Minister of Education and Excise (Madras Presidency)
- In office 27 October 1930 – 10 October 1936
- Premier: B. Munuswamy Naidu, P. T. Rajan, Ramakrishna Ranga Rao of Bobbili
- Governor: George Frederick Stanley
- Preceded by: S. Muthiah Mudaliar
- Succeeded by: M. A. Muthiah Chettiar

= S. Kumaraswami Reddiar =

Indian lawyer and politician

Diwan Bahadur Sir Subbarayalu Kumaraswami Reddiar (23 April 1876 - after 1937) was an Indian lawyer and politician who served as a minister in Madras Presidency.

== Early life ==

Kumaraswami Reddiar was born in Tinnevely on 23 April 1876. He was educated at the Hindu College, Tinnevely and graduated from Presidency College, Madras.
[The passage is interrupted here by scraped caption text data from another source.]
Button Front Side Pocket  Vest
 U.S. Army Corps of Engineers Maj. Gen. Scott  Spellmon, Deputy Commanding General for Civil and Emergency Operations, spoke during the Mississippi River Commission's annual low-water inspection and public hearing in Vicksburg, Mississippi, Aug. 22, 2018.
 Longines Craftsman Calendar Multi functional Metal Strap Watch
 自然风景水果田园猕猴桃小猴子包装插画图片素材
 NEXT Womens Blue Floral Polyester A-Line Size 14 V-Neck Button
He studied law at Madras Law College and practised law. He served as Government Pleader and Public Prosecutor of Tinnevely till September 1926 before joining the Justice Party in the late 1920s.

== Politics ==

Kumaraswami Reddiar was elected to the Madras Legislative Council on a Justice Party ticket in 1930.

Kumaraswami Reddiar resigned his ministry post due to ill-health in 1936 and he was replaced with Muthiah Chettiar in a move to wipe out differences in the party. The resignation of P.T.Rajan and him lead to the step-down of B. Munuswamy Naidu from the position of Chief Minister and his subsequent succession by his rival Ramakrishna Ranga Rao, who was favoured by zamindars such as Muthiah Chettiar.

He was knighted in the 1937 Coronation Honours list.